TRIBUNNEWS.COM, JAKARTA - Karopengmas Divisi Humas Polri Brigjen Pol. Rikwanto memahami kekhawatiran perusahaan pembiayaan ketika banyak debiturnya yang menunggak angsuran bahkan alami kredit macet.
Namun ia tidak membenarkan ketika perusahaan pembiayaan menggandeng pihak ketiga dalam hal ini kelompok debt collectoruntuk melakukan eksekusi fidusia dengan cara-cara kekerasan dan melanggar hukum.
Ia mencontohkan, sejumlah aksi debt collector berujung pada ditersangkakannya para penagih utang itu ketika melakukan perampasan bahkan aksi kekerasan terhadap nasabah.
Bahkan, pernah ada nasabah yang hingga tewas karena dianiaya para debt collector.
"Misal saja dalam kasus kredit macet kendaraan. Kalau satu dua yang bermasalah mungkin tidak begitu berpengaruh. Namun jika yang nunggak ribuan kendaraan, itu nilai kerugiannya bisa puluhan miliar," jelas Brigjen Rikwanto dalam seminar bertajuk "Teknis dan Strategi Dalam Pelaksanaan Eksekusi Jaminan Fidusia" di Balai Kartini, Selasa (26/9).

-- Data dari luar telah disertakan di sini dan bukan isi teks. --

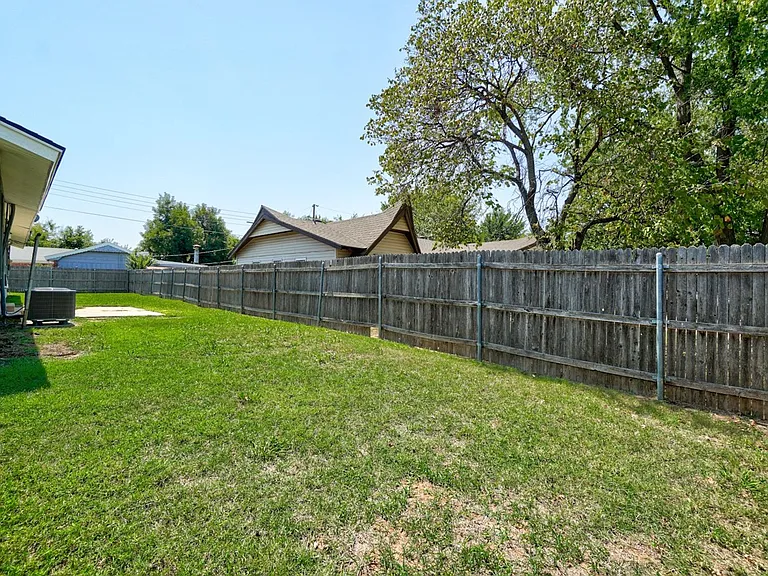1401 Hampton Dr — Photo 40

Tak ingin bisnisnya goyang, perusahaan pembiayaan kemudian menggandeng pihak ketiga untuk laksanakan penagihan atau eksekusi fidusia.
"Semisal Mata Elang beroperasi dengan mencegat di jalan. Secara strategi bagus bagus saja, tapi ada dramatisasi saat mereka mencegat. Ada yang pakai motor itu bukan yang punya, sehingga mereka berteriak-teriak, menimbulkan perkelahian bahkan ada yang berujung ke laporan kepolisian," jelasnya.
Oleah karenanya, Brigjen Rikwanto meminta perusahaan pembiayaan untuk mematuhi Peraturan Kapolri Nomor 8 tahun 2011 tentang Pengamanan Eksekusi Fidusia agar tidak terjadi hal-hal yang tak diinginkan ketika proses eksekusi fidusia.
"Lembaga pembiayaan tidak ada perlindungan yamg memadai dan sangat rentan untuk gagal programnya. Adanya Perkap ini bisa jadi solusi kalau perusahaan finance bisa menjalankannya."